> [Assignment]: From the line with "X0000052610464200507160042" through the line with "Belostoma sp. (carrying eggs)", inclusive, return each line of the data below exactly and leave the rest out.

> [Information given]:
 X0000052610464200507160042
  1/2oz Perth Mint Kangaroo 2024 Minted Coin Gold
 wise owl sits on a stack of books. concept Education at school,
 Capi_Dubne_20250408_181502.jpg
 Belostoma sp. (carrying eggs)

...

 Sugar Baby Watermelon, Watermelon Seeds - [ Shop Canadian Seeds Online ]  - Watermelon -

> [Your solution]:
 X0000052610464200507160042
  1/2oz Perth Mint Kangaroo 2024 Minted Coin Gold
 wise owl sits on a stack of books. concept Education at school,
 Capi_Dubne_20250408_181502.jpg
 Belostoma sp. (carrying eggs)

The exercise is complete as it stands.